Hello, fellow sexagenarians. I’m typing this blog post on my brand spanking new computer. It is light, fast, and pretty darned near amazing compared to my old machine. Which brings me to our topic—technology.  First, let’s harken back to those thrilling days of yesteryear.

For my twelfth birthday, I received a compact transistor radio, complete with leather case and earphone.  Raise your hand if you know what a transistor is?  Give up?  It’s a tiny device invented by two guys at Bell Labs that started the whole tech revolution. I had that little radio for years. I wasn’t married to it like kids are today, and I sure didn’t treat it like a disposable commodity. And for years, nothing better came along. Then sometime in the mid-seventies, things began to change. Two guys working out of their garage came up with something called the Apple II personal computer, and another revolution began.

It’s always amazed me how quick we are to embrace technology and how little about it we understand. Televisions used to come in big, heavy, wooden cabinets. We got three channels, and the broadcast day ended with a test pattern. Show of hands again. How many remember the test pattern?  The test pattern stood for two things: the end of the broadcast day or the Russians had just unloaded their entire nuclear arsenal in our direction, and we were to stand-by. We had to constantly adjust the vertical and horizontal hold and fiddle with the “rabbit ears” to clear up a fuzzy black-and-white picture.  But despite the primitive nature of the set, most of the programs were pretty darned good. Now our sets are 55 inch wide, ½ inch thick, ultra-high definition marvels of technology with computer interfaces. I have a satellite dish on my roof instead of a flimsy metal antenna and at least 2500 channels beamed down from a satellite hovering 22,000 miles above the planet in outer space.  Mostly, I watch the Discovery Channel, Netflix, and A&E., which brings me to my brand new laptop computer.

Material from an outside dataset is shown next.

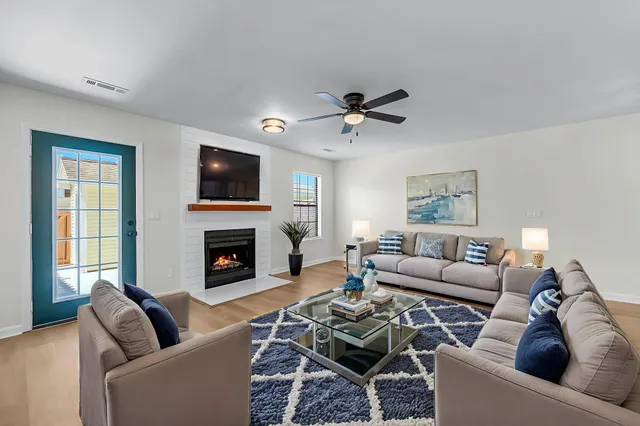 $314,900 | 2912 Oxford Place, Charleston, SC 29414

My daughter, Amanda, who is now 25 years old, sat with dear old dad to help set up my new machine. Mans (as I call her) was born in 1990.  She grew up with computers, cell phones, iPods, iPod minis,
PlayStations I, II, and III, Wiis, laptops, tablets, e-readers, and all of the other 21st century marvels. She instantaneously adapts to every new gizmo that comes out of Silicone Valley. When she was a student at Florida Atlantic University, some of her courses were on-line. Why did it cost so much if my daughter didn’t have to leave her room to attend class?  When I attended university, I had to be there rain, shine, sleet, snow, or hail. Slide Rules ruled the day and the few computers we used had punch-cards. Anyone see a job for a key-punch operator lately?  I do take comfort in one thing. If all of our technology suddenly disappears, as a writer I can still sharpen up a few number two pencils and grab a piece of paper.